首都圏ネットワーク (ニュース)
王谷晶さんのババヤガの夜が日本人初ダガー賞受賞。王谷さんは短剣を意味するダガーを贈呈され「現実感がない」などとコメント。ダガー賞は1955年に創設され、すぐれた推理小説に贈られる権威ある賞。これまで横山秀夫さんや東野圭吾さんの作品が最終候補に残ったが受賞は逃していた。ババヤガの夜は、主人公の女性が暴力団会長の一人娘の護衛を任され、裏社会の闇に迫る物語。王谷さんは臨場感にこだわったそうで、絵コンテのように図に起こしながら書き進めたそう。王谷さんは13年前から作家活動開始。エッセイではレズビアンだと公表していて、これまでも女性同士の恋愛や家族の物語を書いてきた。本作では受賞理由について「暴力描写に満ちながらも登場人物の深い人間性を際立たせている」と評された。物語の中では女性の連帯に焦点が当てられていて、王谷さんは「女性の組み合わせはまず最初に頭の中に浮かんでくる」と話す。
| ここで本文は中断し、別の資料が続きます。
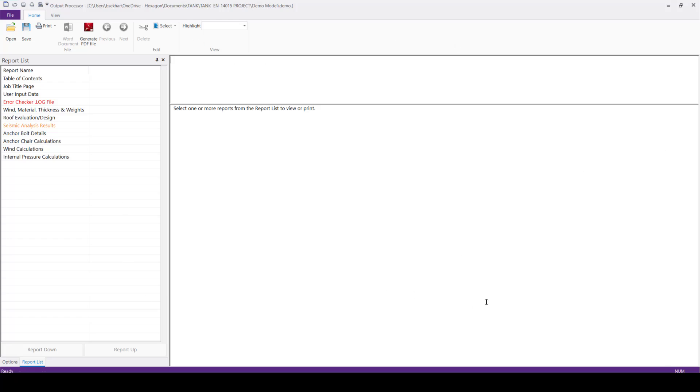And this is the software output window. We can see the report list, so here we have report name, table of contents, user input data, error checker,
王谷晶さんのババヤガの夜が日本人初ダガー賞受賞。本作では、物語終盤に主人公が少女を連れ出し逃亡を図る。就職氷河期世代で警備員など非正規の仕事を転々としていたという王谷さん。逃げることも生き延びるための手段だと強く思ったそうで、作品にそのメッセージを込めたと語る。王谷さんは「読むことでもう1日生き延びられる人もいるのではないか。自分も含めて」などと話していて、現実世界をより良いものにしていきたいとのこと。スタジオでも「コメントから王谷さんの優しさが伝わってくる」などとコメントされた。近年、多和田葉子さんが全米図書賞を受賞するなど海外で日本の女性作家が高い評価を受けている。こうした背景や、世界的なフェミニズムの大きな波が受賞に繋がった。専門家は「愛情などは普遍的なものだと思わせてくれる作品」などとコメント。